- [Information shown]

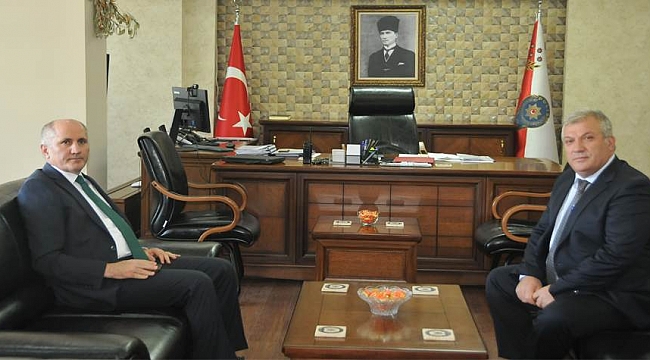 VALİ’DEN İL EMNİYET MÜDÜRÜNE ZİYARET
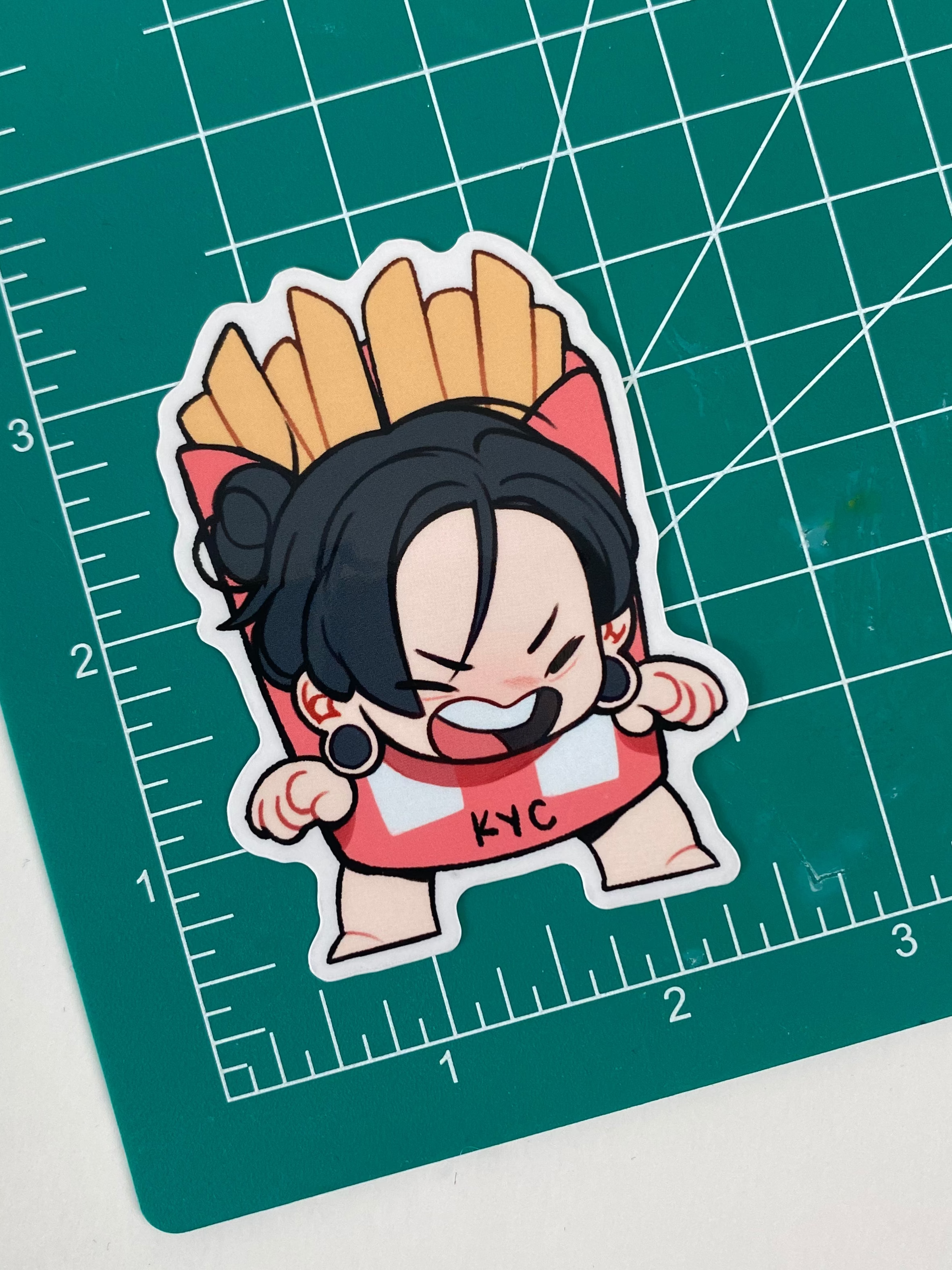 Transparent Sticker: Geto french fries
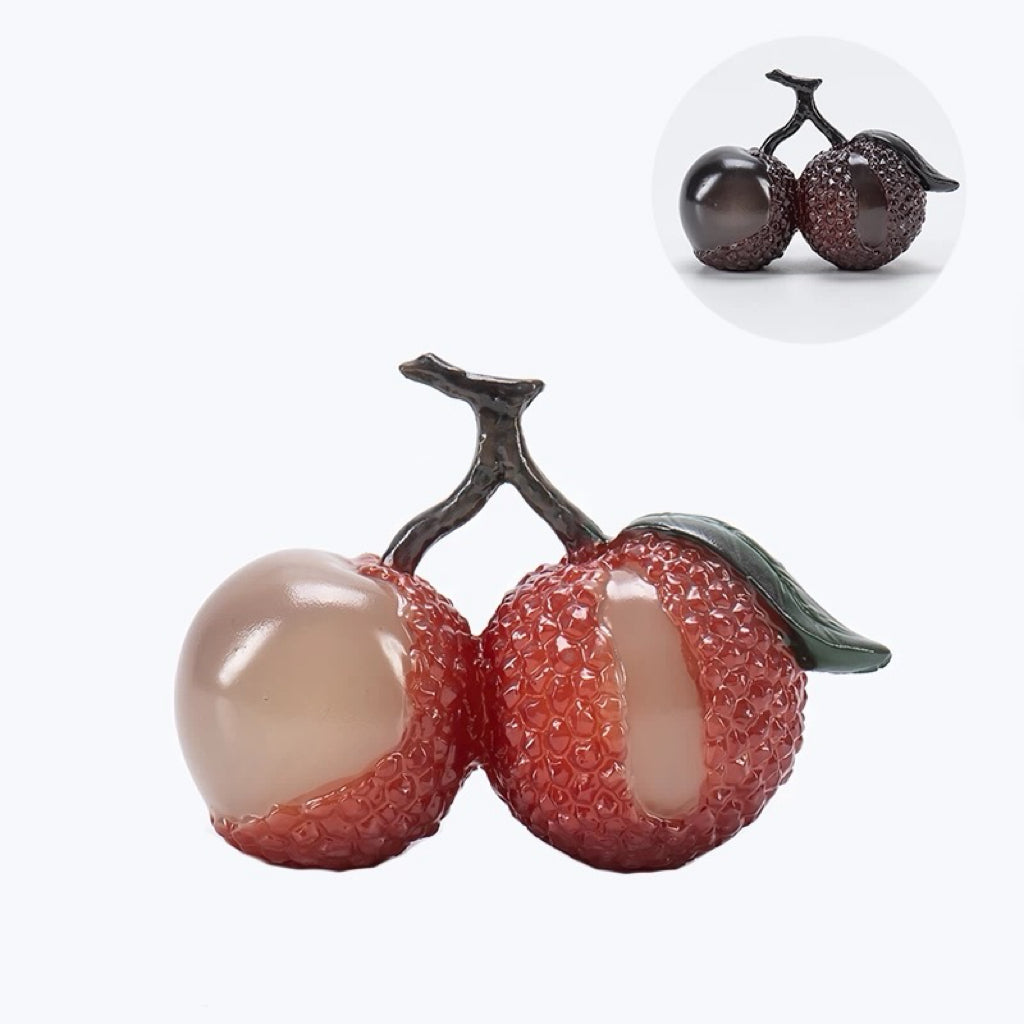 Color-Change Fruit Tea Pets : Double Lychee Tea Pet - 1 PC - Seekcase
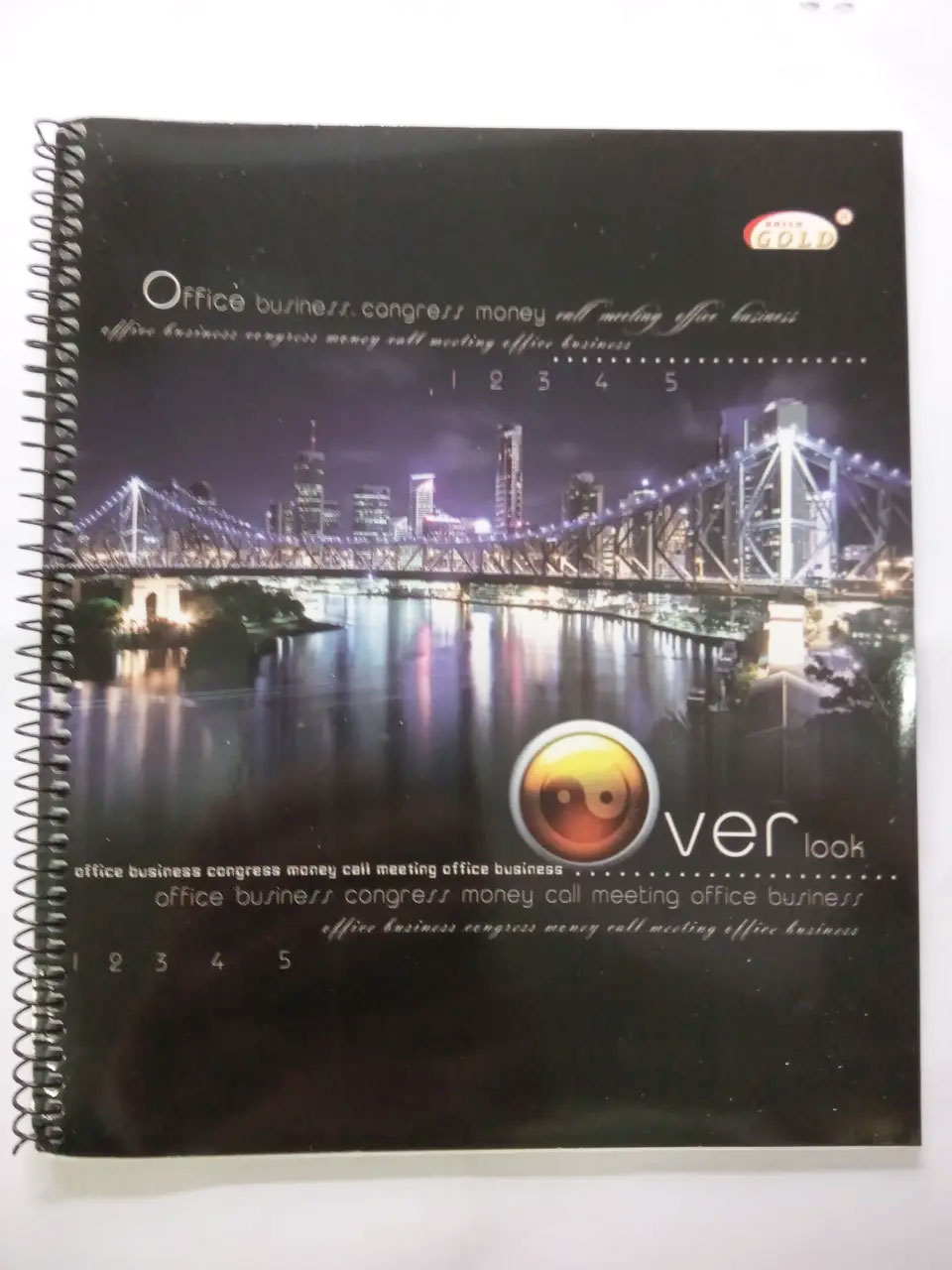Зошит на спіралі B5, 48арк., клітинка Gold, м'яка обкладинка Бріск - фото 3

- [Problem statement] From the material above, print everything exactly except the pictures.

- [Reply to the exercise]
 VALİ’DEN İL EMNİYET MÜDÜRÜNE ZİYARET
 Transparent Sticker: Geto french fries
 Color-Change Fruit Tea Pets : Double Lychee Tea Pet - 1 PC - Seekcase
Зошит на спіралі B5, 48арк., клітинка Gold, м'яка обкладинка Бріск - фото 3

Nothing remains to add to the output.